Contributing

How to contribute tasks to RALPHBench — a rigorous benchmark for evaluating autonomous coding agents on long-horizon SWE tasks.

RALPHBench (Recurrent Agents Learning on Long Programming Horizons) evaluates autonomous coding agents on extremely long-horizon software engineering tasks requiring sustained reasoning over 1,000–10,000+ steps on real production codebases.

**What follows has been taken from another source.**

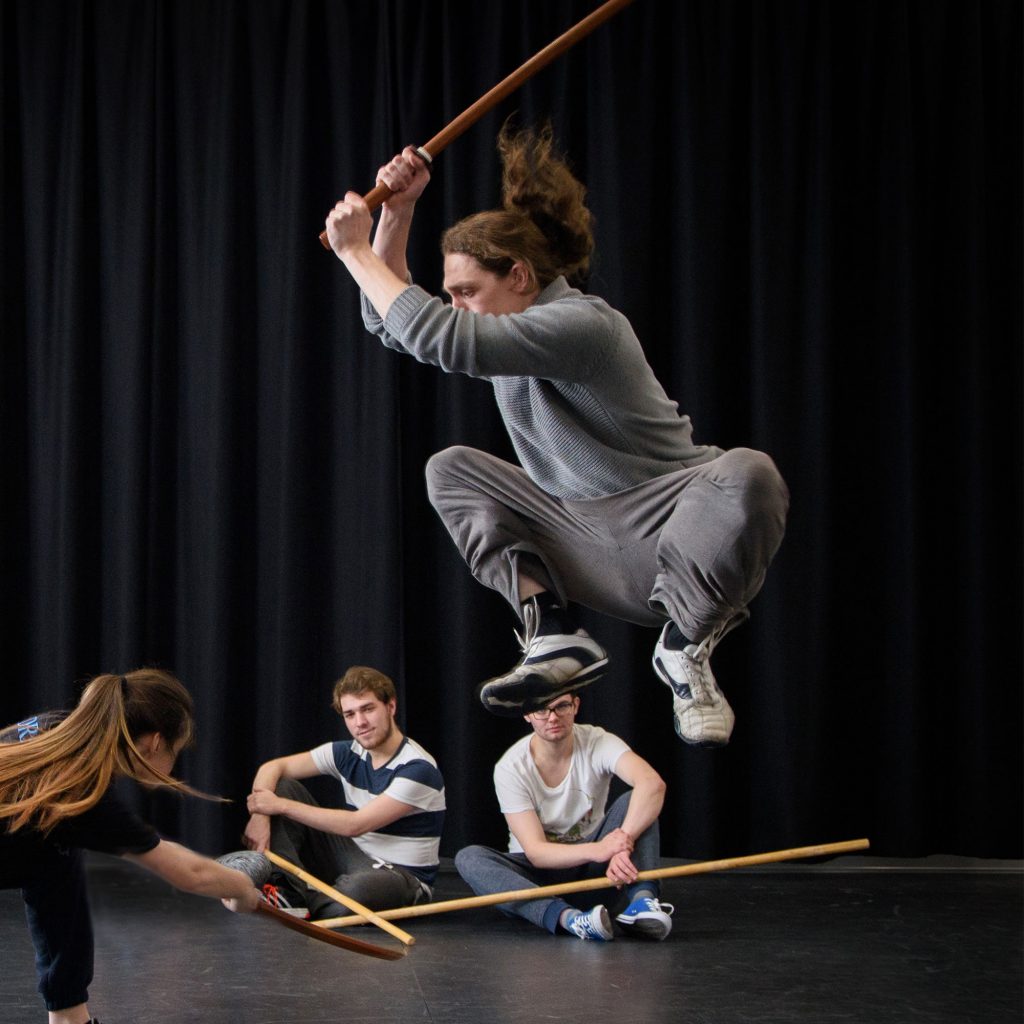Student jumping with stick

Our goal is to build the most rigorous and comprehensive benchmark for measuring agent capabilities on the kind of multi-file, multi-day engineering challenges that real developers face — not just single-step bug fixes or isolated code generation.

RALPHBench evaluates:

  1. Whether agents can sustain coherent reasoning over thousands of steps
  2. How effectively agents handle real production-scale codebases
  3. Whether agents can complete full-system engineering tasks end-to-end

How to Get Involved

Getting Access

  1. Reach out via email: contribute@ralphbench.org
  2. Check the GitHub repo for open issues and contribution guidelines

Getting Started

  1. Read through the CONTRIBUTING.md on GitHub for basic context and orientation
  2. Review existing tasks to understand the format and difficulty expectations

What Tasks We Want

Task Categories

Greenfield Projects (build from scratch):

  • Compilers, interpreters, and language tools
  • Web browsers and rendering engines
  • Databases and storage systems
  • Full-stack web applications

Performance & ML Research (optimize and innovate):

  • Performance profiling and optimization
  • Numerical methods and scientific computing
  • ML training pipelines and model engineering

Migration & Refactoring (transform existing code):

  • Framework migrations (e.g., React class → hooks)
  • API redesigns and versioning
  • Large-scale multi-file refactors

Task Requirements

  • Tasks must require 1,000+ steps for a competent agent to complete
  • Real production codebases preferred over synthetic exercises
  • Harbor format with oracle solution at 100% pass rate
  • All tests must be deterministic and reproducible
  • 4-hour wall-clock timeout per task

Task Format

Tasks follow the Harbor format:

task-name/
├── instruction.md          # REQUIRED - Task description
├── task.toml               # REQUIRED - Metadata and timeouts
├── environment/
│   └── Dockerfile          # REQUIRED - Container with dependencies
├── solution/
│   └── solve.sh            # REQUIRED - Oracle solution (must pass 100%)
└── tests/
    ├── test.sh             # REQUIRED - Runs pytest
    └── test_outputs.py     # REQUIRED - Writes reward to /logs/verifier/reward.txt

Evaluation Methodology

  • Pass@1 Scoring: No partial credit — all tests must pass
  • Step Counting: Measures agent efficiency (fewer steps = better)
  • Time Limits: 4-hour wall-clock timeout per task

FAQ

Q: How do I qualify for authorship?

3 high-quality tasks merged to main = automatic authorship

Q: What if I contribute fewer tasks but help with other work?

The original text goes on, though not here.